#### Work required:
In the data below, locate the line containing "Flat lay of" and the line containing "a close up of a book on a table", then retype both and everything between them exactly. Pictures are not part of the copy.

#### The data:
Segment Open

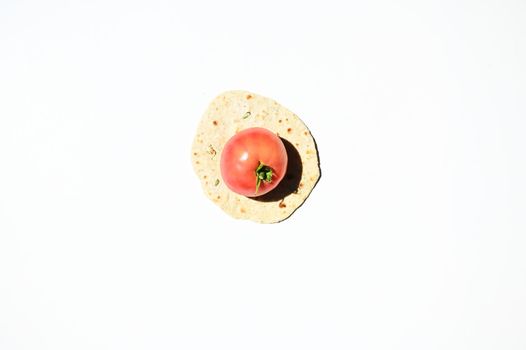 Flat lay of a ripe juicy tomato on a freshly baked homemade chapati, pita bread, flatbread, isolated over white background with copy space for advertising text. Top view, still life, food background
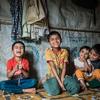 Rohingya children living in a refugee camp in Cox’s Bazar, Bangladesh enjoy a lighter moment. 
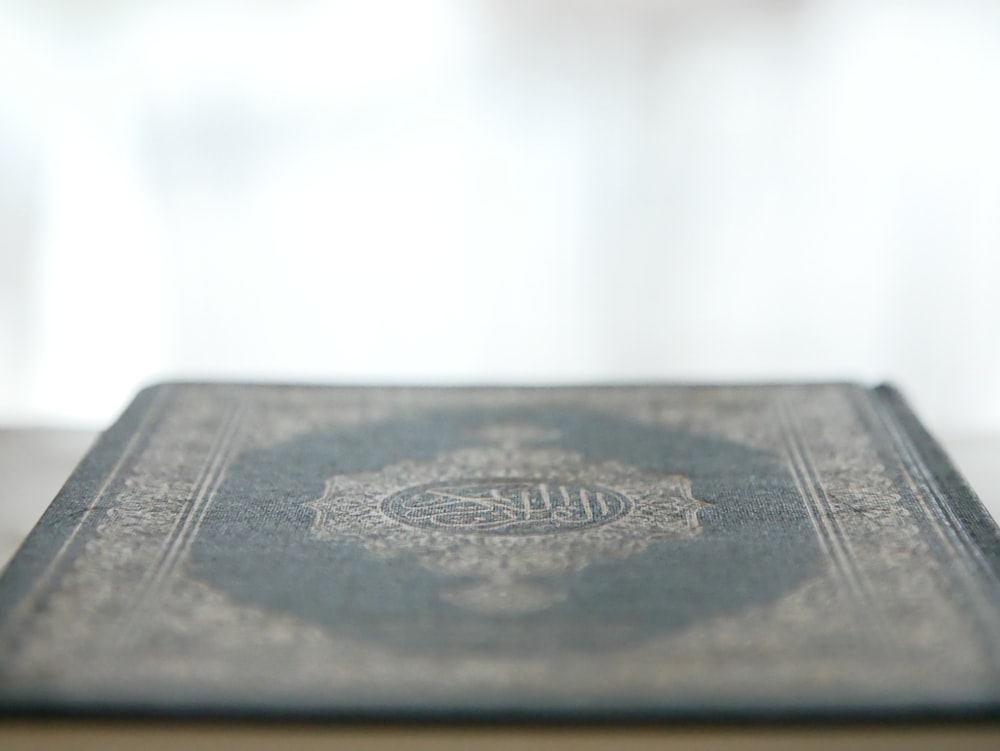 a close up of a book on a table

Segment Closed
Segment Open

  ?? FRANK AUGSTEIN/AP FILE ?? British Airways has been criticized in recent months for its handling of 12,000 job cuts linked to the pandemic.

Segment Closed
Segment Open

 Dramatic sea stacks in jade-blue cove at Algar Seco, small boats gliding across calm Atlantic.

Segment Closed

#### Written response:
 Flat lay of a ripe juicy tomato on a freshly baked homemade chapati, pita bread, flatbread, isolated over white background with copy space for advertising text. Top view, still life, food background
 Rohingya children living in a refugee camp in Cox’s Bazar, Bangladesh enjoy a lighter moment. 
 a close up of a book on a table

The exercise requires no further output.